§ WORK ORDER
Among the entries below, only the lines from the one with "Schwarz Gebraucht 2019" through the one with "Pendants d'oreilles Zoe" are wanted, reproduced exactly. Pictures are not wanted.

§ PROVIDED DATA
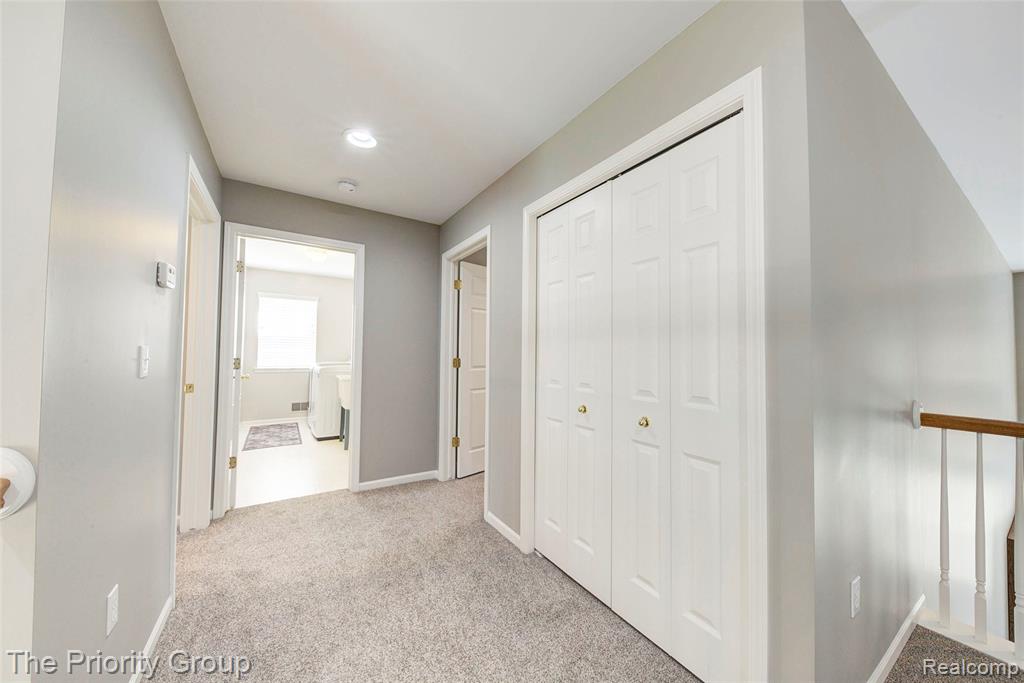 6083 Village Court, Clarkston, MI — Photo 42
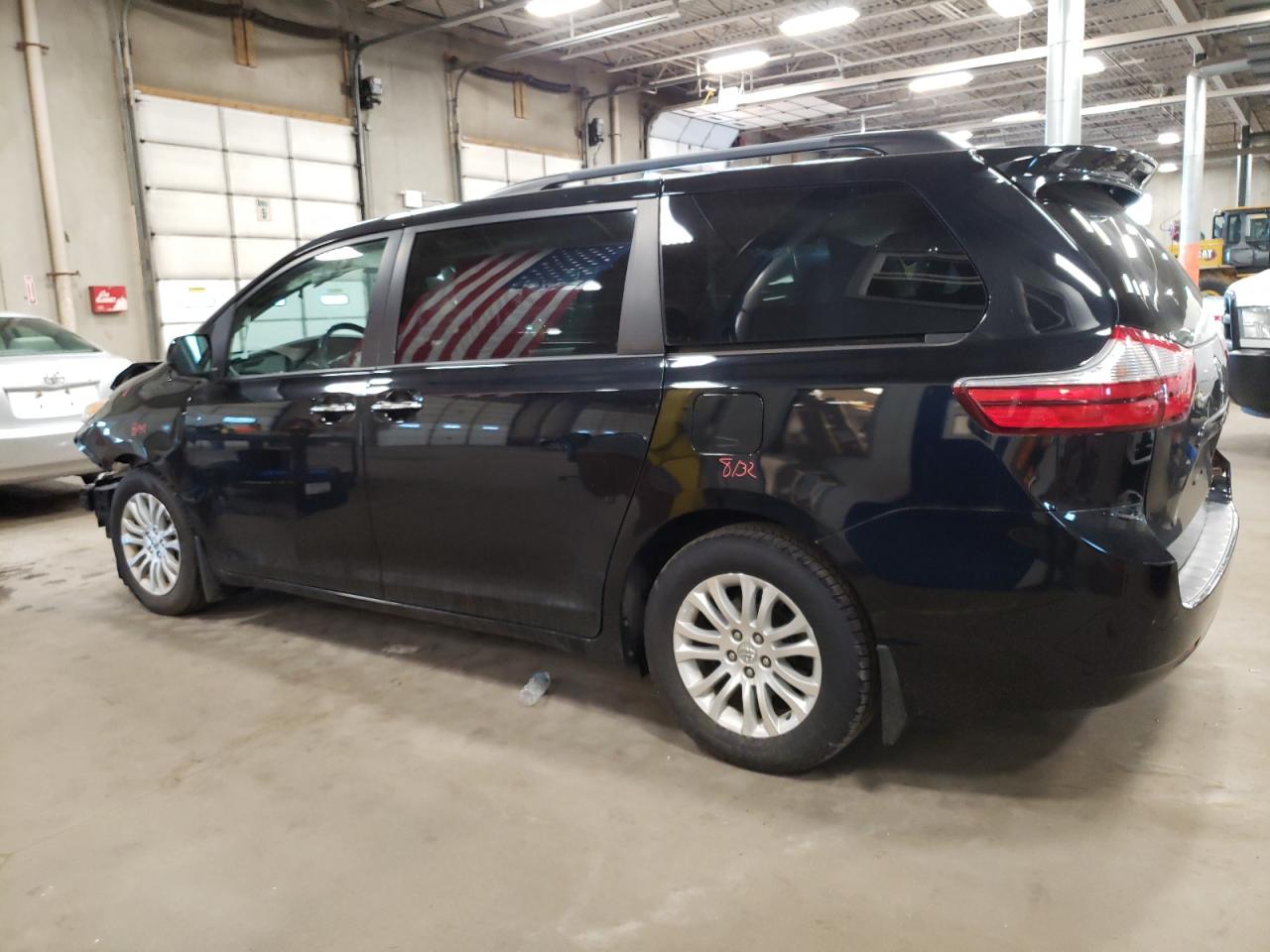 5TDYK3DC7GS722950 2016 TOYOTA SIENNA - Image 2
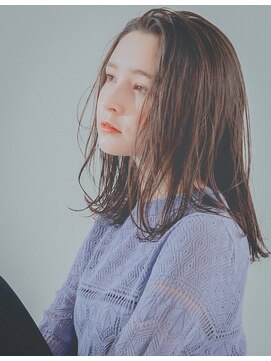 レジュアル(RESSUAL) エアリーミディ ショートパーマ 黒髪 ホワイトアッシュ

==

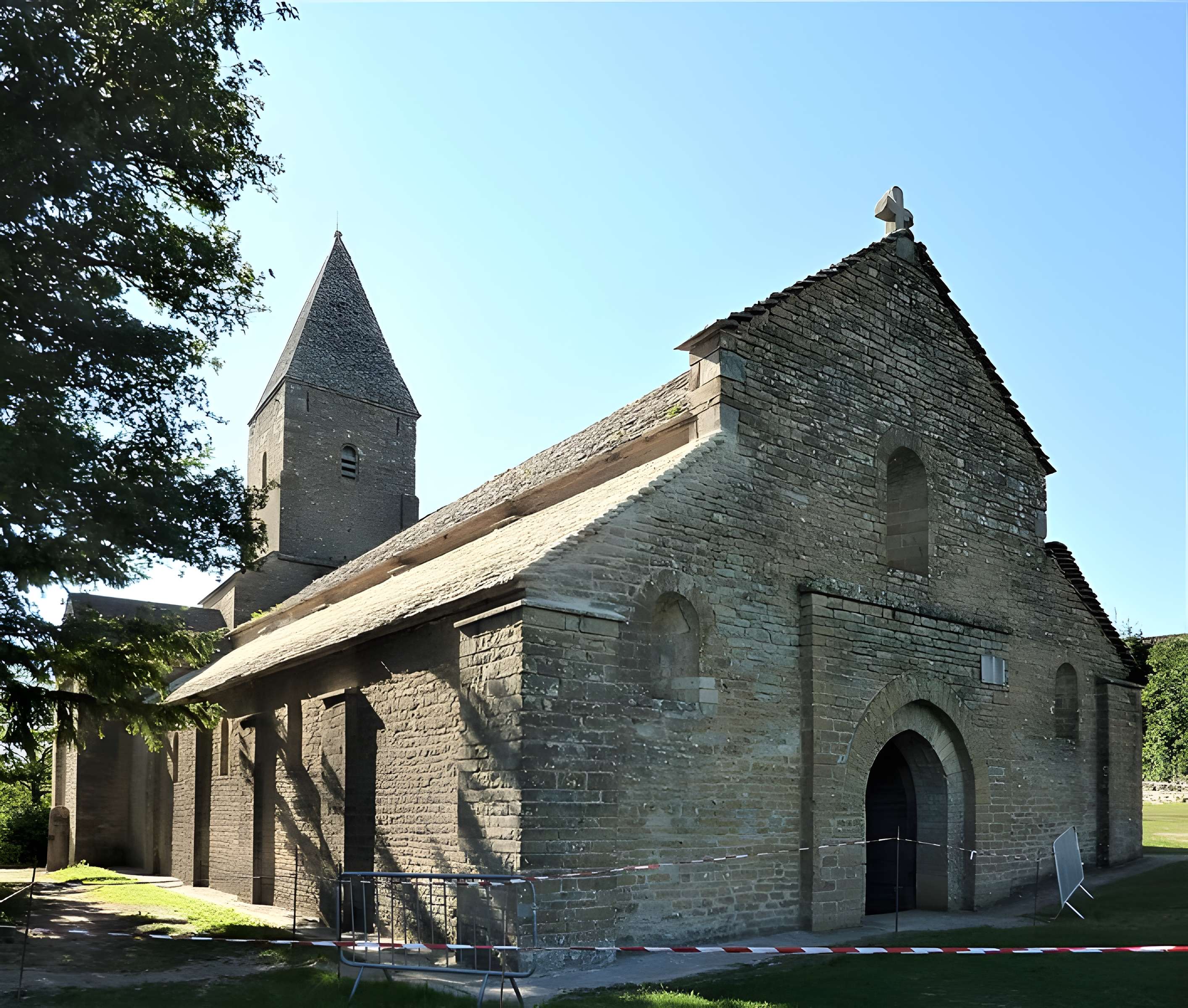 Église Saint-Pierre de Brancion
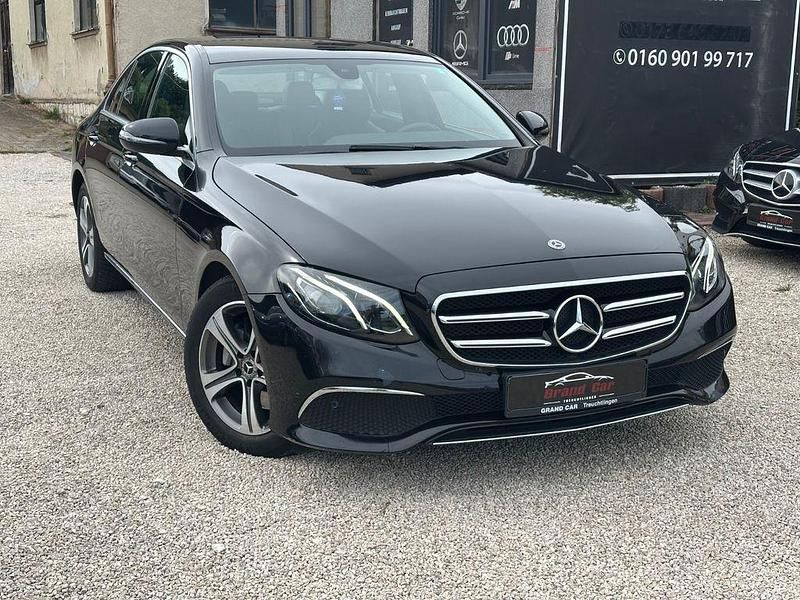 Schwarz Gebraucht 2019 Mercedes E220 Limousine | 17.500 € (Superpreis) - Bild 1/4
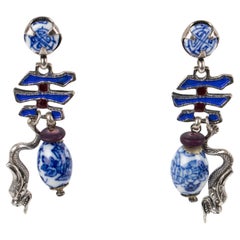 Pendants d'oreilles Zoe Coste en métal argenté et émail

...

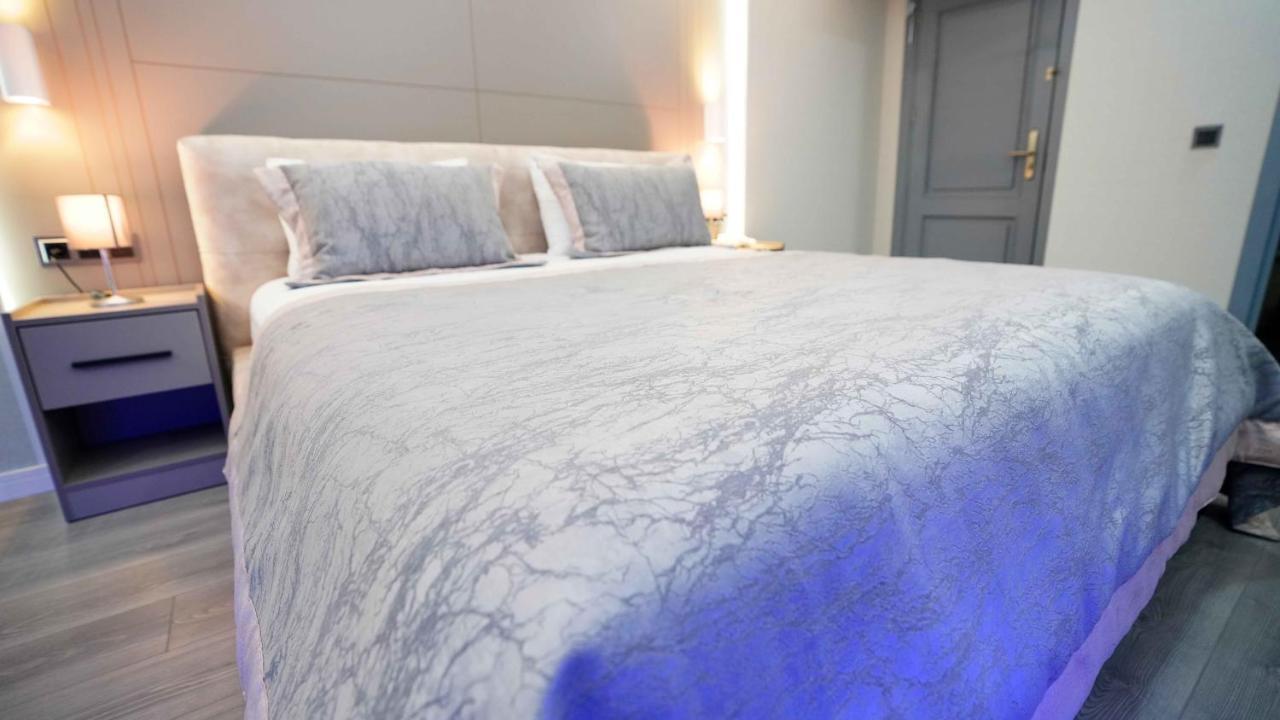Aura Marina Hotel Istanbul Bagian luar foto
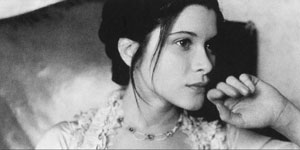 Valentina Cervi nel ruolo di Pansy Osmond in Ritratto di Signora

§ OUTPUT
 Schwarz Gebraucht 2019 Mercedes E220 Limousine | 17.500 € (Superpreis) - Bild 1/4
 Pendants d'oreilles Zoe Coste en métal argenté et émail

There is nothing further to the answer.